Hacker News new | ask | show | jobs
by cwyers 3246 days ago
> which are intentionally bloated with useless XML contents to make interoperability almost impossible.

That's just a conspiracy theory. The reason they're "bloated" is because Microsoft Office is optimizing for interoperability with its largest competitor: older versions of Microsoft Office.

Maybe Microsoft Office having "cleaner" XML would improve interoperability. But as long as Office is the standard, the ability to consume messy XML is worth more than the ability to emit clean XML.

3 comments

> That's just a conspiracy theory.

The "conspiracy" is exceedingly well documented, as others have already noted.

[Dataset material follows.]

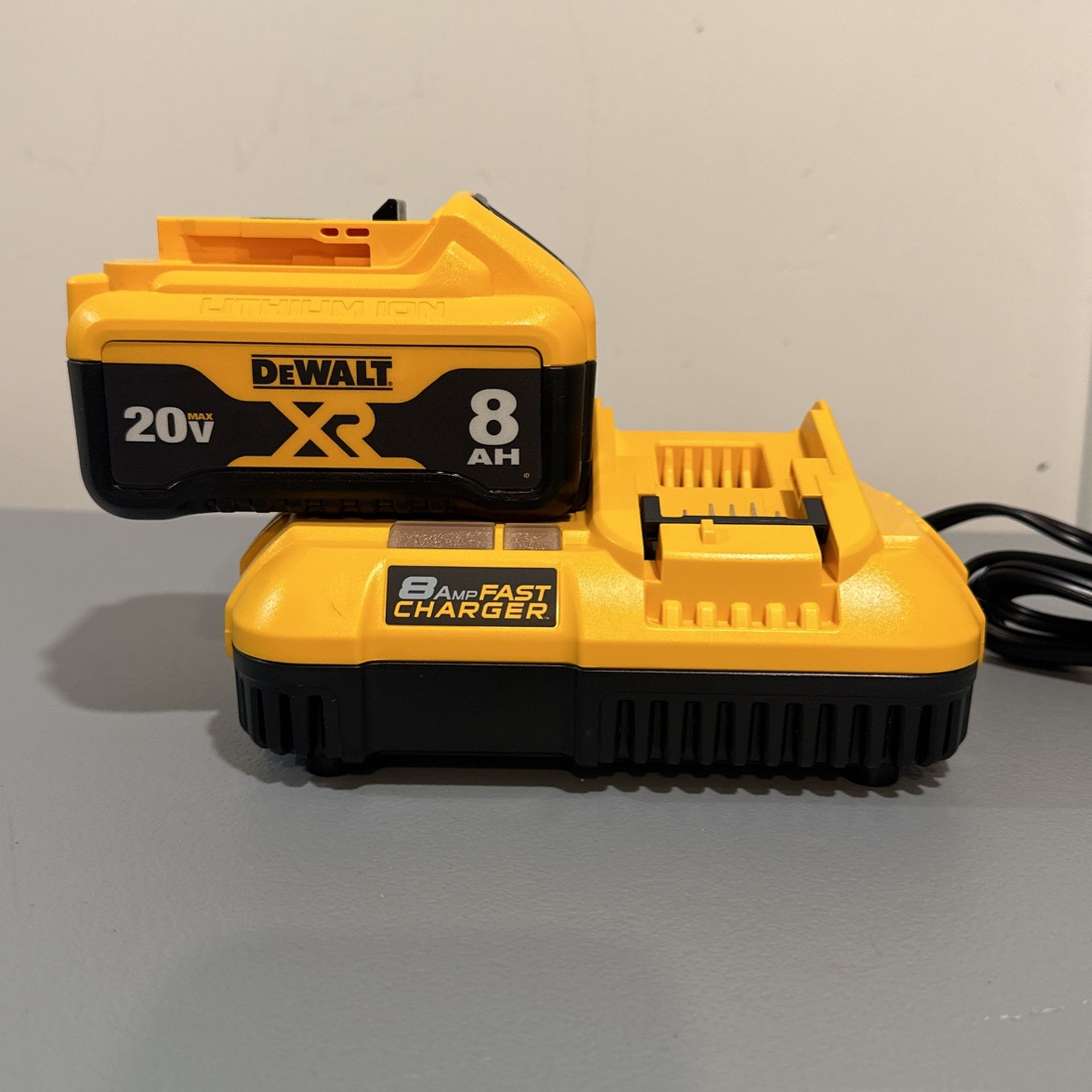 Dewalt Combo Cargador Y Batería 8.0Ah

The motherlode is these pages of contemporary documents at Groklaw:

http://www.groklaw.net/staticpages/index.php?page=2005121615...

http://www.groklaw.net/staticpages/index.php?page=2008071923...

A good starting document is "Can Other Vendors Implement Microsoft's Office Open XML?" http://web.archive.org/web/20070912014933/http://www.hollowa...

> A good starting document is "Can Other Vendors Implement Microsoft's Office Open XML?" http://web.archive.org/web/20070912014933/http://www.hollowa....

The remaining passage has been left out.